The Port of Brownsville is utilizing record revenue years leading up to COVID-19 to deal with the pandemic’s challenges.
The port reported a record $25.4 million in annual revenue in fiscal year 2019. The figure tops the previous record from 2018 with continuous robust growth over the last six years. The port’s performance was recently recognized by Moody’s Investor Service, ranking the Port of Brownsville third among all U.S. ports for financial resiliency.
Eduardo Campirano, the port’s director and chief executive officer, said some industries have seen reductions relating to COVID while others are seeing increases. Bulk mineral, breakbulk and steel are among the products that have seen increases at the port this year.
“Maritime operations at the Port of Brownsville have continued uninterrupted during the pandemic,” Campirano said. “Preliminary numbers indicate we are on pace to set a record for tonnage in 2020.”
Volumes in tonnage saw an increase from January through August of this year, he said. A key factor to this indicator is that the Port of Brownsville moves more steel into Mexico than any other U.S. port. Just over three million short tons of steel moved from the port to Mexico in 2019.
The recent approval of the United States Mexico Canada Agreement will likely add to this activity and other commerce related to Mexico. The USMCA updated the existing NAFTA agreement and will bring improved efficiencies in moving cargo across the border, Campirano said. He pointed to recent moves in Mexico that will introduce market dynamics to the fuel market.
Those changes in Mexico are likely to bolster the Foreign Trade Zone at the port. Products tied to petroleum are essential industries at the FTZ. Nearly $9 billion worth of exports and imports moved through the port’s FTZ in 2019.
Revenue Picture Moves Projects Forward
The port’s overall financial health makes it possible to continue with its strategic plans even during the COVID-19 era.
“With operating revenue records in five of the last six years, it’s now more feasible for the port to make significant, large infrastructure investments even during trying economic times,” Campirano said.
The projects have been many at the port in recent times. Over the last five years, the port has completed the construction and rehabilitation of docks. It has also improved internal roads to improve delivery of products and cargo. There is also the expansion of outside storage. The port received two new mobile harbor cranes early this year to keep up with growing demand for on-dock lifting capacity as cargo volumes increase.
In 2021, construction will begin on deepening the Brownsville Ship Channel from 42 to 52 feet. It’s a long-sought goal that will dramatically boost the port’s capabilities.
Seeking A Big Prize
The port also continues to move forward in its pursuit of a huge goal – the LNG projects that would bring an investment of nearly $39 billion. The Federal Energy Regulatory Commission has approved proposals to make the LNG energy projects a reality at the port.

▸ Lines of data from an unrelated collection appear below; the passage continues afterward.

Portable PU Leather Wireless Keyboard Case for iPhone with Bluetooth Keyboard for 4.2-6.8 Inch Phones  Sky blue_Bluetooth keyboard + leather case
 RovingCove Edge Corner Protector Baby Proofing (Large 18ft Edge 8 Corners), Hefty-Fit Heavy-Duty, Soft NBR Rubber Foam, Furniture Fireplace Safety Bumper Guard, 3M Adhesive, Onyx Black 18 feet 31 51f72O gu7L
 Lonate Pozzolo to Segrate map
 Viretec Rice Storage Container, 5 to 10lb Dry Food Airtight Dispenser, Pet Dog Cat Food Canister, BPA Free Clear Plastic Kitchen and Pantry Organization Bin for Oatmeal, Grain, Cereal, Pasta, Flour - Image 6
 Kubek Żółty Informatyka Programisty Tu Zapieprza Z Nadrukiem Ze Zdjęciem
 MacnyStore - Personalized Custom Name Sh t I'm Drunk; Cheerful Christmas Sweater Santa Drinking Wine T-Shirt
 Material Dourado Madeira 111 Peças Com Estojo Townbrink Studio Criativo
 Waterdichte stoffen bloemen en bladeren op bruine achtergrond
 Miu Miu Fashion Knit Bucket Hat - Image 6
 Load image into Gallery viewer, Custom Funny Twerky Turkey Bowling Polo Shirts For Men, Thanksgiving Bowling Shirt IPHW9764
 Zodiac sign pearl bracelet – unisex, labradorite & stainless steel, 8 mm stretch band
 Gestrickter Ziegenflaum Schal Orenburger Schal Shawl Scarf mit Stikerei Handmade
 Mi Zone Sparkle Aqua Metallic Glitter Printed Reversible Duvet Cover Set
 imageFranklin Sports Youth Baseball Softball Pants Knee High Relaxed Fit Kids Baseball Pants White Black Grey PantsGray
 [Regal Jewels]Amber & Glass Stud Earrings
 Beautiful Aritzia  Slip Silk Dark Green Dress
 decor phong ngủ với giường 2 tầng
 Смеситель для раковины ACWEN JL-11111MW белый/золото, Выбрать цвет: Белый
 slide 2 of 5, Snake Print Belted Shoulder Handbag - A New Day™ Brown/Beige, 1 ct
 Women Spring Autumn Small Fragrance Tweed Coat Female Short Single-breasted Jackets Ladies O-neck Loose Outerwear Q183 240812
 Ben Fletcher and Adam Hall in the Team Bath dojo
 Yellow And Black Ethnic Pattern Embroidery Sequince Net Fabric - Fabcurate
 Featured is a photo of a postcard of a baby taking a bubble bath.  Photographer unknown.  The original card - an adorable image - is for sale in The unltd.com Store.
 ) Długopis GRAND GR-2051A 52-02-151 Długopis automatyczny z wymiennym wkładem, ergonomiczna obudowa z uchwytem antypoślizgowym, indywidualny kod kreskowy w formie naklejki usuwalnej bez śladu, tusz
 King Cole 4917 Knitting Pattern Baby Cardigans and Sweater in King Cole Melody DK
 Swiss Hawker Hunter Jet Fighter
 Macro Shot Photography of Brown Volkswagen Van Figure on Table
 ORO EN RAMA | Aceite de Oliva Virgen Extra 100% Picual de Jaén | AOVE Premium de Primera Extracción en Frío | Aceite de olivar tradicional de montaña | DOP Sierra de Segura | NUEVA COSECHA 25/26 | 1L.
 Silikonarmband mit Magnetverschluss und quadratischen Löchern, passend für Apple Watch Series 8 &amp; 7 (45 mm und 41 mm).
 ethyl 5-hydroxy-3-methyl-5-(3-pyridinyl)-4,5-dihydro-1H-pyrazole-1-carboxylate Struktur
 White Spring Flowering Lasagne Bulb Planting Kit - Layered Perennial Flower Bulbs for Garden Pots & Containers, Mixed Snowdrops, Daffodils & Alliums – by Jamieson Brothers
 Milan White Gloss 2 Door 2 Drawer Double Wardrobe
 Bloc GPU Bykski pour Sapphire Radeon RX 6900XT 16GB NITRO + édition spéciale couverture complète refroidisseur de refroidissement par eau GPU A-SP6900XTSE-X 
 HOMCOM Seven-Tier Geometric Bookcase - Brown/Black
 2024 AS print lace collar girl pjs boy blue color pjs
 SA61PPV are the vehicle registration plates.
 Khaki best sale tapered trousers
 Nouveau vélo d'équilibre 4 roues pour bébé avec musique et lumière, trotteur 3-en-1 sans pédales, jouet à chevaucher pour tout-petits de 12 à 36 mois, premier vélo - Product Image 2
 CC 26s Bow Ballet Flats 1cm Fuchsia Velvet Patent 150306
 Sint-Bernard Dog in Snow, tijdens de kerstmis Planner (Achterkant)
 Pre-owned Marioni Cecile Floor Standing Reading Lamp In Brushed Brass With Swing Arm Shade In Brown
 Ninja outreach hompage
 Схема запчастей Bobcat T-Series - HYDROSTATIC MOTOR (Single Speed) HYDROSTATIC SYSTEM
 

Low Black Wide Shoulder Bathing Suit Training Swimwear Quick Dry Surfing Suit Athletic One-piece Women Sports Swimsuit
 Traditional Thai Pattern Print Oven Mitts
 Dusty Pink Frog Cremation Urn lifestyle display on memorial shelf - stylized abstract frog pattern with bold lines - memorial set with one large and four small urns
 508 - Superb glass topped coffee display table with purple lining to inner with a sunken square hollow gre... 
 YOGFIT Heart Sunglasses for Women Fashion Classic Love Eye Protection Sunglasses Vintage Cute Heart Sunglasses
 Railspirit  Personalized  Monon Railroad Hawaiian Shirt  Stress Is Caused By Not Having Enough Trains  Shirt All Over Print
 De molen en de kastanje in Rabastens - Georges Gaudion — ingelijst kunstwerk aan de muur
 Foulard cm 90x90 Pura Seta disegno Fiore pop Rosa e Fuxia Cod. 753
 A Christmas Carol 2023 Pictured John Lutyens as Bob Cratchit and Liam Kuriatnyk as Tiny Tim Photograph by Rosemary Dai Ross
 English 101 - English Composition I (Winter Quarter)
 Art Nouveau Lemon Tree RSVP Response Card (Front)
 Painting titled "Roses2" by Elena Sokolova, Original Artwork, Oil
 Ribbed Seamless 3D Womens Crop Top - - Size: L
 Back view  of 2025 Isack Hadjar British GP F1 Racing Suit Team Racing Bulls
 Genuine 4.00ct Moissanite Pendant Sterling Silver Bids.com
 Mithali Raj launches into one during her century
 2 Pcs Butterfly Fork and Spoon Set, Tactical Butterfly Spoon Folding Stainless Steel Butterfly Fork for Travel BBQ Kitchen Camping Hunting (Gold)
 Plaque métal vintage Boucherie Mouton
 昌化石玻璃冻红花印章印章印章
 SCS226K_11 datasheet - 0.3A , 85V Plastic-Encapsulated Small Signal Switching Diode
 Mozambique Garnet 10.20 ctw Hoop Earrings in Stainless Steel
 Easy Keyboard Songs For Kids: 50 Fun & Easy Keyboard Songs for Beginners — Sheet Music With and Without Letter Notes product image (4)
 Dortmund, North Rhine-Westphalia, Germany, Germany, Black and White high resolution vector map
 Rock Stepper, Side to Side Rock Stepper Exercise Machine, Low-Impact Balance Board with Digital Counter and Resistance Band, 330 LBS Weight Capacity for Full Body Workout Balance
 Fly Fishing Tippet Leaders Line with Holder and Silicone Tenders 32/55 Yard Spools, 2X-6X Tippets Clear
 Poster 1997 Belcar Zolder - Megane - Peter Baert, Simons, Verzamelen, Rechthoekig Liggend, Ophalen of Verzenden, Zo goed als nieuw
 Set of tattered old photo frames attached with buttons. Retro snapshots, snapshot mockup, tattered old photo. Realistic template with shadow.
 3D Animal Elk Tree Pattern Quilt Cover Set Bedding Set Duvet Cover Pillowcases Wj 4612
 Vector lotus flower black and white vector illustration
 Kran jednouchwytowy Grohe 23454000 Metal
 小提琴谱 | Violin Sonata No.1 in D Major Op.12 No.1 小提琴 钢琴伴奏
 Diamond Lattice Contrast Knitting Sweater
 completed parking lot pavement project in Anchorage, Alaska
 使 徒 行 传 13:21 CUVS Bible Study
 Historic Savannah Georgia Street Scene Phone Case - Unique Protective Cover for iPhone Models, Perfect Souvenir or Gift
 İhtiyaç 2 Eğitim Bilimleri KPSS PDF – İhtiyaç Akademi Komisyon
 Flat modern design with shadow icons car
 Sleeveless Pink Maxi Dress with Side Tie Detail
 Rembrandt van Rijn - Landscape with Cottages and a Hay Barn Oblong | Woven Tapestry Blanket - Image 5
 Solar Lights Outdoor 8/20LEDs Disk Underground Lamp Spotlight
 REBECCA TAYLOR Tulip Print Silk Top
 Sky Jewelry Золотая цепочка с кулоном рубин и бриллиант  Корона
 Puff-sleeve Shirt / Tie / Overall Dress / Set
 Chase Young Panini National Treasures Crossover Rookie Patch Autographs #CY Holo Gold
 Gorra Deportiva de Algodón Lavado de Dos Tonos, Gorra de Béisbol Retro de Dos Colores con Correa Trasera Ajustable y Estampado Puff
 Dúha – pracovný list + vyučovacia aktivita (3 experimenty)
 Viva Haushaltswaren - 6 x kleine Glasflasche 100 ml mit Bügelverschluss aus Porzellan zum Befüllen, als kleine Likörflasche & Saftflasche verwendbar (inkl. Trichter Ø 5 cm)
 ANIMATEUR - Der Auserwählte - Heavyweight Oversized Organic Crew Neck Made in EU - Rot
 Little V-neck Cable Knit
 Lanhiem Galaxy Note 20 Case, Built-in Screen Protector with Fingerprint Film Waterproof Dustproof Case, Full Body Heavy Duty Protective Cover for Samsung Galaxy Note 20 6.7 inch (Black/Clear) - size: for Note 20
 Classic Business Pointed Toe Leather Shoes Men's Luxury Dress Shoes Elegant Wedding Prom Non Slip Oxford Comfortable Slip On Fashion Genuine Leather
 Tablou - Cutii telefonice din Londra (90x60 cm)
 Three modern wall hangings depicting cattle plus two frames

Final investment decisions are to be made by the key applicants for the project, which would bring a liquefied natural gas facility to the port and export product to global markets from Brownsville. The facility would include three plants at the port that would produce about 38 million tons of LNG per year. It would also result in 470 tanker shipments per year for export from Brownsville.
“Just like everything else, COVID-19 has slowed these projects down a bit,” Campirano said about the LNG project. “We continue to work closely with the companies as they work to achieve their FDI (final investment decisions) goal.
“Once FIDs are announced, and the projects formally break ground, the region will be poised for new and diverse job opportunities,” he said.